Biraz ileride geldiğimiz yol üzerinde oturan diğer bir erişkin dişi var. 3-4 metre mesafede kahverengi gözlerini bana dikiyor. O masum gözlere bakarken birden içimi büyük bir hüzün kaplıyor. Bu barışçıl, kendi halinde yaşayan canlılara yaptığımız kötülükler hızla beynimi kaplıyor. Onlara çektirdiğimiz acılar için çok ama çok özür dilemek istiyorum.
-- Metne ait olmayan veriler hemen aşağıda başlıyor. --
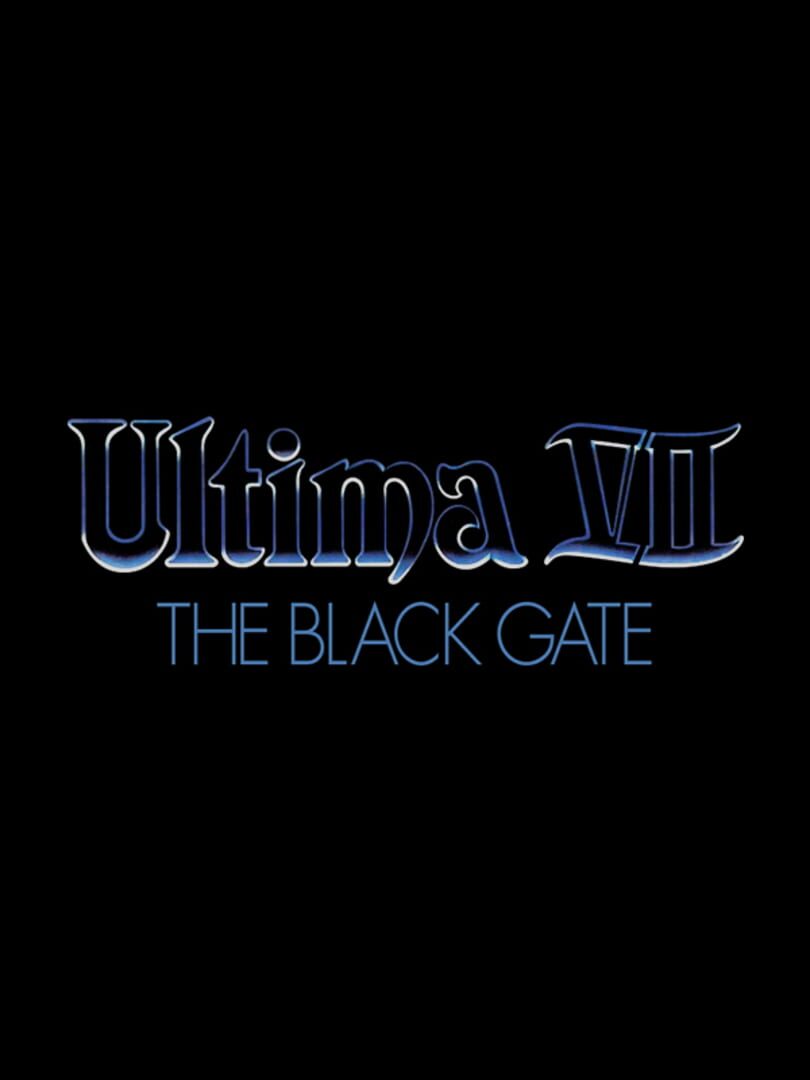 Ultima VII: The Black Gate (1992)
Varolmamın ağırlığı altında ezilirken onunla bir süre vakit geçiriyorum. Daha sonra çalıların arasından yeni bir yol bulup patikaya ulaşıp gruba katılıyorum. İnişimiz daha kolay oluyor. İnişte mola verip öğle yemeğimizi ormana karşı atıştırıyoruz.
Otelimize dönerken yol boyunca sırıttığımı hissediyorum. Daha önce bu kadar keyif aldığım kaç şey yapmıştım acaba?
Aklımda çok sevdiğim bir söz ; "Yaşam, aldığımız nefes sayısıyla değil, nefesimizi kesen anların sayısıyla ölçülür"
Bu arada; bekçinin sırtındaki silah ormanda yaşayan fillere karşı bir güvenlik önlemi. Amaç, eğer filler ile karşılaşırsak ve bize fazla yaklaşırlarsa havaya ateş açıp fillerin uzaklaşmasını sağlamak.
....
Not: İzlememişler için 1988 yapımı, Sigourney Weaver'ın başrolde oynadığı, ünlü primatolog Dian Fossey'in hayatını anlatan "Gorillas In The Mist" filmini öneririm.